For those whose research is not being boosted by AI ‘mentions’, the harms to research quality are now impossible to ignore. Those sharp AI commentators, Arvind and Sayash, recently asked the apparently paradoxical question ‘could AI slow down science?’ and concluded that yes, for all the frenzied activity, there is an overall drag on science as a shared system.

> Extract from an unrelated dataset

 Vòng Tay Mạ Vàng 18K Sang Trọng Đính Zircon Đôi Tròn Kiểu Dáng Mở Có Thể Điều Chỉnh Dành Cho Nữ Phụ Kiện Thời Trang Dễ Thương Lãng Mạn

Because as well as cutting out all the parts of research that actually advance human understanding, AI is crapifying the shared systems that research depends on. There is an epidemic of fake research, fake citations, fake peer reviews, and whole fake research topics (‘vegetative electron microscopy’ anyone?). Google Scholar is flooded with AI-generated slop; academic publishers and editors are overwhelmed by AI-generated papers and even AI researchers; there are threats to the viability of archives and a creeping influence on library catalogues where the use of AI in metadata creation is now widespread. Open knowledge projects including Wikipedia, source of most actually useful AI content, are being drained of funds and even taken offline by AI crawlers, and the supply side of intellectual labour is failing. The peer review process, is corrupted by AI and now by cynical manipulation of the corrupt AI review system (this last link is to a study of papers in computer science that found hidden text prompting AI reviewers to provide only positive reviews).
There are calls of course to move to a 100% AI review system, because for every AI fail there must be an AI solution. And if AI could reliably provide that it would just be an extortion racket, but since it can’t, it’s more like paying the extortionists to burn your house down.